On this occasion she was in 1st gear rolling slowly towards a roundabout, foot on clutch only, then applied the accelerater and the car surged ahead, and she needed to quickly apply the break, luckily this time no near misses...
If rolling towards a junction, why is a foot on the clutch? Take foot off and let the engine just pull gently.
If the clutch is fully down, then there is no drive. So this must mean you are either resting a foot on the pedal, bad practice, or holding the pedal slightly down.
Either of those may cause a little slip, but as more power is applied, the clutch may grab, taking full engine revs to the wheels, instead of losing some with the slip.
This may be a technique issue.
Find a local road with little or no traffic and good visibility ahead and behind. As flat as possible.
Move away in 1st gear, then let go of all pedals. Let the car just roll along with the engine on tickover.
Now gently apply the gas to increase speed. Pickup should be smooth and controllable.
Now change to 2nd, release all pedals and allow it to roll along on tickover again. This will demonstrate the lowest speed it will tolerate in 2nd gear. At or above this speed there is no need to depress the clutch.
Again, from there, gently adding gas should bring a smooth increase in speed.
Many cars will do this in 3rd as well, but will protest at the gentle acceleration.

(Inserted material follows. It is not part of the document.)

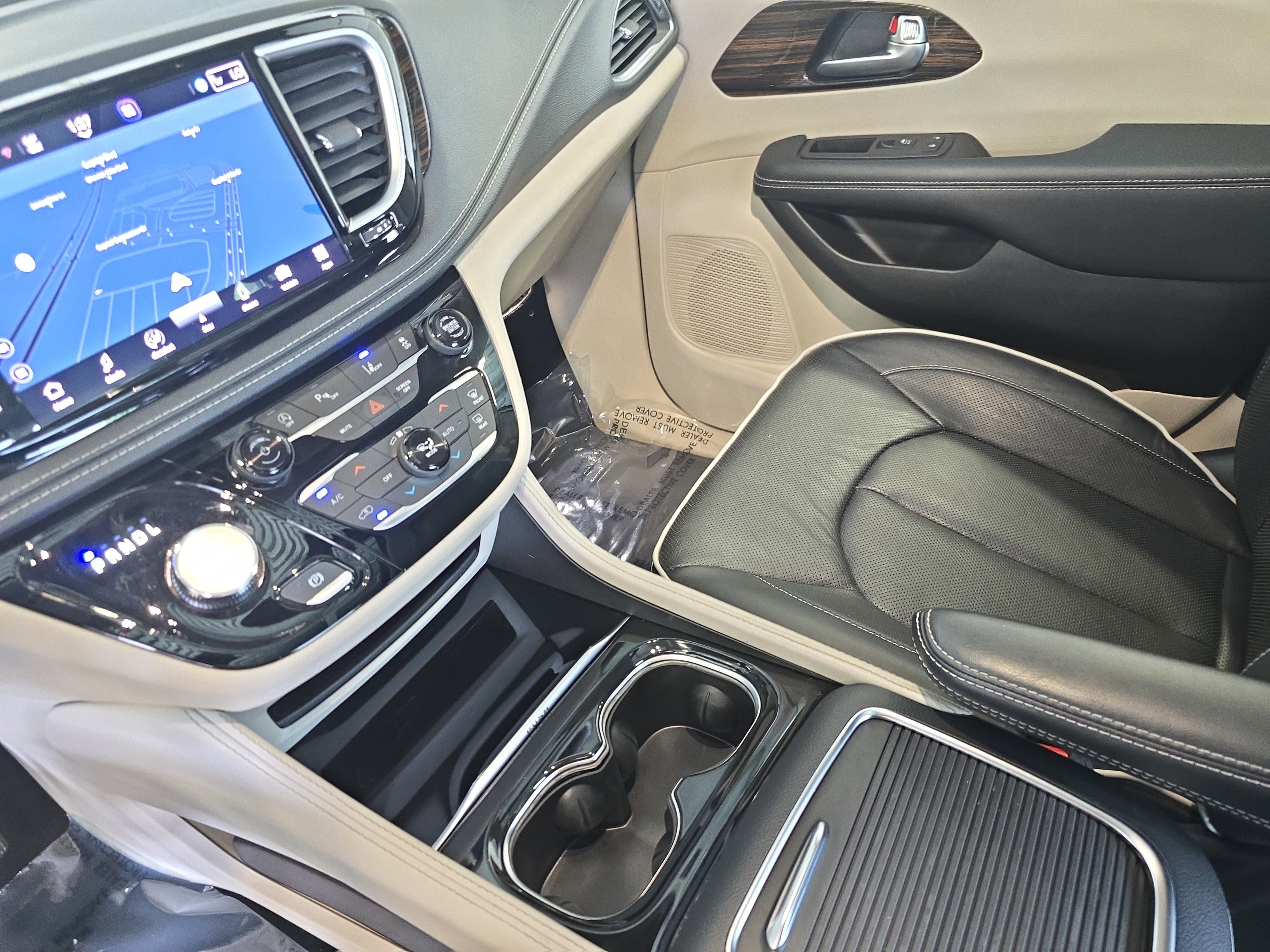 Used 2023 Chrysler Pacifica Limited FWD image 22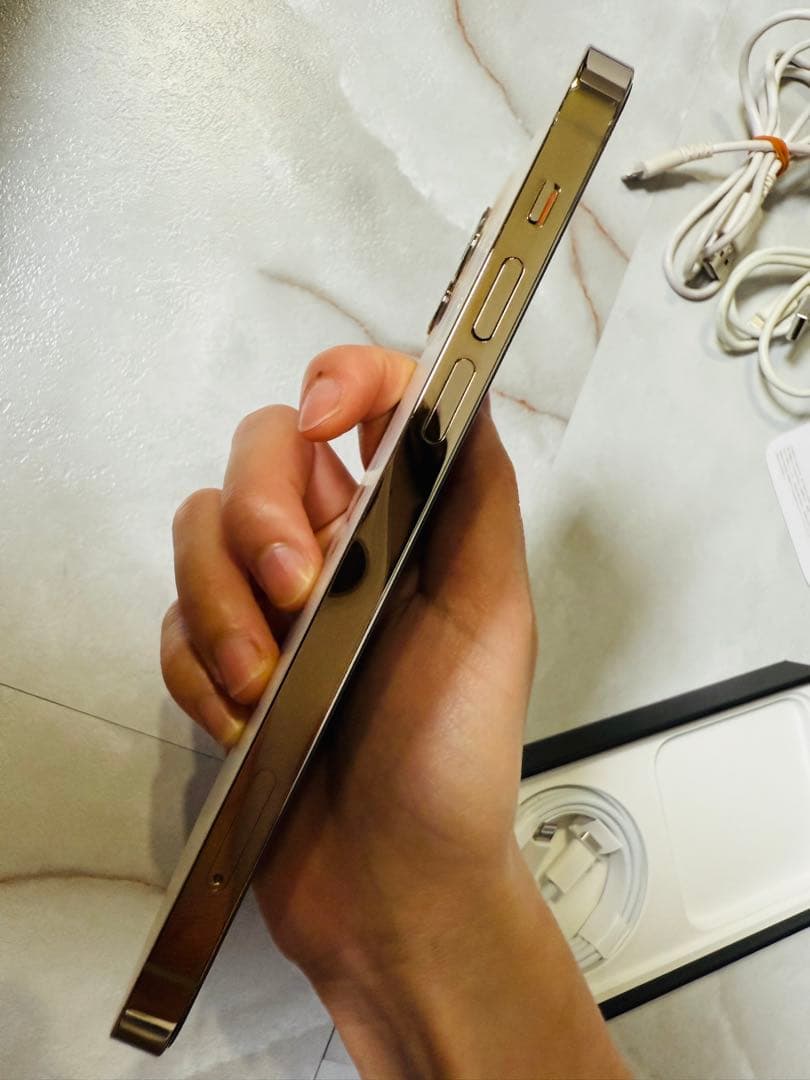 おまけケーブル付き！iPhone12Pro ゴールド 512GB SIMフリー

When moving away, it is easy to be lazy and bring the clutch up before adding any gas. Sadly many instructors teach this way, as it is easier, so lazy. It is poor practice, confuses the engine management computer, and increases cylinder bore wear.
Should always add a little gas to raise the tickover before finding the clutch bite, then gas is added as the clutch is released. Only once moving can the engine be allowed to sit on tickover to pull the car along without gas.
Physics - Basic Inertia rules. It takes more energy to start something moving, than it does to keep it moving.
If the clutch is brought to bite without any gas, the engine computer is trying to maintain tickover against the added load. More fuel is put into the engine to prevent a stall.
As you then push the gas pedal, the first movement tells the computer that you will now decide on fuel input, but the computer is already feeding more than you are now requesting, until you've moved the pedal far enough. The computer responds by reducing the fuel input, which momentarily tries to cause a stall, so the computer adds fuel, discovers it is adding more than requested, and repeats the cycle. Some engines tolerate this better than others. Some will kangaroo, others just push harder than you wished. This is what may be happening.